------ DATA UNDER STUDY ------

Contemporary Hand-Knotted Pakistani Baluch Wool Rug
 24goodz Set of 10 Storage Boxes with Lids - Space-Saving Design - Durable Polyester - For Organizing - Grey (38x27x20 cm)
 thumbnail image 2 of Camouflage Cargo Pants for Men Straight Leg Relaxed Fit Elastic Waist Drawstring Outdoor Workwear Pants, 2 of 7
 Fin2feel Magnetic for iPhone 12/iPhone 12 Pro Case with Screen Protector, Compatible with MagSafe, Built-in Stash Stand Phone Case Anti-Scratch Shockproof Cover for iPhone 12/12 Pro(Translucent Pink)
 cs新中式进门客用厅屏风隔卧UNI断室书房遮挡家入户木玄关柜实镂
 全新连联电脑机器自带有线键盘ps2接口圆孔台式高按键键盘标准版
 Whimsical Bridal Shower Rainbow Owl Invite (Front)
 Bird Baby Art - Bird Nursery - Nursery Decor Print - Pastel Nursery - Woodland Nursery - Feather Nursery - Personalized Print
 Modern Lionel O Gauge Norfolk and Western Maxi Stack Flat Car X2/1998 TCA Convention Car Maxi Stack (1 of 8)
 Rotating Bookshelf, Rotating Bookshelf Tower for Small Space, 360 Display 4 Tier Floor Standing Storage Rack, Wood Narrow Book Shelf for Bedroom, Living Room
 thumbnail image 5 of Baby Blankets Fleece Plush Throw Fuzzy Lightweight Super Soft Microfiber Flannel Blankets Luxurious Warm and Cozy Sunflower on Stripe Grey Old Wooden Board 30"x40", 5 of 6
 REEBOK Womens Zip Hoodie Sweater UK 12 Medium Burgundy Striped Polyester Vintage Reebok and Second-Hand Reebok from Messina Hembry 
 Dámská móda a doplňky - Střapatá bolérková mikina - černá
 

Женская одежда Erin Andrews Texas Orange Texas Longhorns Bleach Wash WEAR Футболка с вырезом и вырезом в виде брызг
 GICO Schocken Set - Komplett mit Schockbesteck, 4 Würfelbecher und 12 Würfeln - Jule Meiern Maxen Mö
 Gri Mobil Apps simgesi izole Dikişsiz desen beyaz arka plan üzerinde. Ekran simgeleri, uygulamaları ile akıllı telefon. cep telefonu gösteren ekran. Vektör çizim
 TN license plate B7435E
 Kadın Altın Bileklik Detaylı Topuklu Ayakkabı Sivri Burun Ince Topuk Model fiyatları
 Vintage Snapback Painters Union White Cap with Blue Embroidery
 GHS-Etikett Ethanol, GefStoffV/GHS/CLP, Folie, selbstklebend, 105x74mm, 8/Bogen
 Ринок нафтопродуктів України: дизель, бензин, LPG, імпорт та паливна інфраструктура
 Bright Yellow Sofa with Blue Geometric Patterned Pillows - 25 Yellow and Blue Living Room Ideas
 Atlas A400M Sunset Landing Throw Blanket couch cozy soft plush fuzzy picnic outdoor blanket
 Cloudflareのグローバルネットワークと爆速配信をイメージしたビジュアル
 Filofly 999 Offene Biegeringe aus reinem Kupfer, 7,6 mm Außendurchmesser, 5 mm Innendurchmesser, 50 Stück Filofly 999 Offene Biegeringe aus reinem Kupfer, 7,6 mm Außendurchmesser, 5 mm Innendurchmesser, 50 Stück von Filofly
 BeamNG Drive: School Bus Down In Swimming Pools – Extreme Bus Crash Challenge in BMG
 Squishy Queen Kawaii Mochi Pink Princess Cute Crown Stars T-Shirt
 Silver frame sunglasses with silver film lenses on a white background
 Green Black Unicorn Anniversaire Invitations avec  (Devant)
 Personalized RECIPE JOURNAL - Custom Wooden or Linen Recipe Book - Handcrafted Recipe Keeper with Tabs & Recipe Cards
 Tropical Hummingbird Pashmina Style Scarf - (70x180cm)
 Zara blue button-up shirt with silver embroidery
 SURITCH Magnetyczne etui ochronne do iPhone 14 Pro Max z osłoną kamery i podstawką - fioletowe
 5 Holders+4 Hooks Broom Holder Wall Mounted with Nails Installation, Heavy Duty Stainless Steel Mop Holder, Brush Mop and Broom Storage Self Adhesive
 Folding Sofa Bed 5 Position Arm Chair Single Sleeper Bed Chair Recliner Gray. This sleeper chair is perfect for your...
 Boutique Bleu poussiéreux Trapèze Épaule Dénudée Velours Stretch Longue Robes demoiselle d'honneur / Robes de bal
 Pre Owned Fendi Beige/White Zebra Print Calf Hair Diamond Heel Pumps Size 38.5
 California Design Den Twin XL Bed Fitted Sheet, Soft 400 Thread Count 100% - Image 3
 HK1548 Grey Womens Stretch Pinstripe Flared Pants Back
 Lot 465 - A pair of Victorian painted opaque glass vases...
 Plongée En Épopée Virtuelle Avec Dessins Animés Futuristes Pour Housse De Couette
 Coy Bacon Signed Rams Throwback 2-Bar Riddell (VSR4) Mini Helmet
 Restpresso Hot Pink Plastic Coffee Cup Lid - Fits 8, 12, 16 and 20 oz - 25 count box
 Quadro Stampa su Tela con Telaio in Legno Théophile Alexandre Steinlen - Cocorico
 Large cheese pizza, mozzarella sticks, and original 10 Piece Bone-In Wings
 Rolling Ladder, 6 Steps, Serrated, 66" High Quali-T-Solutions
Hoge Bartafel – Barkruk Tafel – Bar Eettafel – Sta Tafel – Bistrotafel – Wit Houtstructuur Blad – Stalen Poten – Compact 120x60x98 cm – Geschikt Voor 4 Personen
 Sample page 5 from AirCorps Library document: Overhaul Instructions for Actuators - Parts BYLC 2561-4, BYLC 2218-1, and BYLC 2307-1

------

| WHAT TO DO |
From the data above, output every line exactly.

| RESPONSE FOR THIS EXERCISE |
Contemporary Hand-Knotted Pakistani Baluch Wool Rug
 24goodz Set of 10 Storage Boxes with Lids - Space-Saving Design - Durable Polyester - For Organizing - Grey (38x27x20 cm)
 thumbnail image 2 of Camouflage Cargo Pants for Men Straight Leg Relaxed Fit Elastic Waist Drawstring Outdoor Workwear Pants, 2 of 7
 Fin2feel Magnetic for iPhone 12/iPhone 12 Pro Case with Screen Protector, Compatible with MagSafe, Built-in Stash Stand Phone Case Anti-Scratch Shockproof Cover for iPhone 12/12 Pro(Translucent Pink)
 cs新中式进门客用厅屏风隔卧UNI断室书房遮挡家入户木玄关柜实镂
 全新连联电脑机器自带有线键盘ps2接口圆孔台式高按键键盘标准版
 Whimsical Bridal Shower Rainbow Owl Invite (Front)
 Bird Baby Art - Bird Nursery - Nursery Decor Print - Pastel Nursery - Woodland Nursery - Feather Nursery - Personalized Print
 Modern Lionel O Gauge Norfolk and Western Maxi Stack Flat Car X2/1998 TCA Convention Car Maxi Stack (1 of 8)
 Rotating Bookshelf, Rotating Bookshelf Tower for Small Space, 360 Display 4 Tier Floor Standing Storage Rack, Wood Narrow Book Shelf for Bedroom, Living Room
 thumbnail image 5 of Baby Blankets Fleece Plush Throw Fuzzy Lightweight Super Soft Microfiber Flannel Blankets Luxurious Warm and Cozy Sunflower on Stripe Grey Old Wooden Board 30"x40", 5 of 6
 REEBOK Womens Zip Hoodie Sweater UK 12 Medium Burgundy Striped Polyester Vintage Reebok and Second-Hand Reebok from Messina Hembry 
 Dámská móda a doplňky - Střapatá bolérková mikina - černá
 

Женская одежда Erin Andrews Texas Orange Texas Longhorns Bleach Wash WEAR Футболка с вырезом и вырезом в виде брызг
 GICO Schocken Set - Komplett mit Schockbesteck, 4 Würfelbecher und 12 Würfeln - Jule Meiern Maxen Mö
 Gri Mobil Apps simgesi izole Dikişsiz desen beyaz arka plan üzerinde. Ekran simgeleri, uygulamaları ile akıllı telefon. cep telefonu gösteren ekran. Vektör çizim
 TN license plate B7435E
 Kadın Altın Bileklik Detaylı Topuklu Ayakkabı Sivri Burun Ince Topuk Model fiyatları
 Vintage Snapback Painters Union White Cap with Blue Embroidery
 GHS-Etikett Ethanol, GefStoffV/GHS/CLP, Folie, selbstklebend, 105x74mm, 8/Bogen
 Ринок нафтопродуктів України: дизель, бензин, LPG, імпорт та паливна інфраструктура
 Bright Yellow Sofa with Blue Geometric Patterned Pillows - 25 Yellow and Blue Living Room Ideas
 Atlas A400M Sunset Landing Throw Blanket couch cozy soft plush fuzzy picnic outdoor blanket
 Cloudflareのグローバルネットワークと爆速配信をイメージしたビジュアル
 Filofly 999 Offene Biegeringe aus reinem Kupfer, 7,6 mm Außendurchmesser, 5 mm Innendurchmesser, 50 Stück Filofly 999 Offene Biegeringe aus reinem Kupfer, 7,6 mm Außendurchmesser, 5 mm Innendurchmesser, 50 Stück von Filofly
 BeamNG Drive: School Bus Down In Swimming Pools – Extreme Bus Crash Challenge in BMG
 Squishy Queen Kawaii Mochi Pink Princess Cute Crown Stars T-Shirt
 Silver frame sunglasses with silver film lenses on a white background
 Green Black Unicorn Anniversaire Invitations avec  (Devant)
 Personalized RECIPE JOURNAL - Custom Wooden or Linen Recipe Book - Handcrafted Recipe Keeper with Tabs & Recipe Cards
 Tropical Hummingbird Pashmina Style Scarf - (70x180cm)
 Zara blue button-up shirt with silver embroidery
 SURITCH Magnetyczne etui ochronne do iPhone 14 Pro Max z osłoną kamery i podstawką - fioletowe
 5 Holders+4 Hooks Broom Holder Wall Mounted with Nails Installation, Heavy Duty Stainless Steel Mop Holder, Brush Mop and Broom Storage Self Adhesive
 Folding Sofa Bed 5 Position Arm Chair Single Sleeper Bed Chair Recliner Gray. This sleeper chair is perfect for your...
 Boutique Bleu poussiéreux Trapèze Épaule Dénudée Velours Stretch Longue Robes demoiselle d'honneur / Robes de bal
 Pre Owned Fendi Beige/White Zebra Print Calf Hair Diamond Heel Pumps Size 38.5
 California Design Den Twin XL Bed Fitted Sheet, Soft 400 Thread Count 100% - Image 3
 HK1548 Grey Womens Stretch Pinstripe Flared Pants Back
 Lot 465 - A pair of Victorian painted opaque glass vases...
 Plongée En Épopée Virtuelle Avec Dessins Animés Futuristes Pour Housse De Couette
 Coy Bacon Signed Rams Throwback 2-Bar Riddell (VSR4) Mini Helmet
 Restpresso Hot Pink Plastic Coffee Cup Lid - Fits 8, 12, 16 and 20 oz - 25 count box
 Quadro Stampa su Tela con Telaio in Legno Théophile Alexandre Steinlen - Cocorico
 Large cheese pizza, mozzarella sticks, and original 10 Piece Bone-In Wings
 Rolling Ladder, 6 Steps, Serrated, 66" High Quali-T-Solutions
Hoge Bartafel – Barkruk Tafel – Bar Eettafel – Sta Tafel – Bistrotafel – Wit Houtstructuur Blad – Stalen Poten – Compact 120x60x98 cm – Geschikt Voor 4 Personen
 Sample page 5 from AirCorps Library document: Overhaul Instructions for Actuators - Parts BYLC 2561-4, BYLC 2218-1, and BYLC 2307-1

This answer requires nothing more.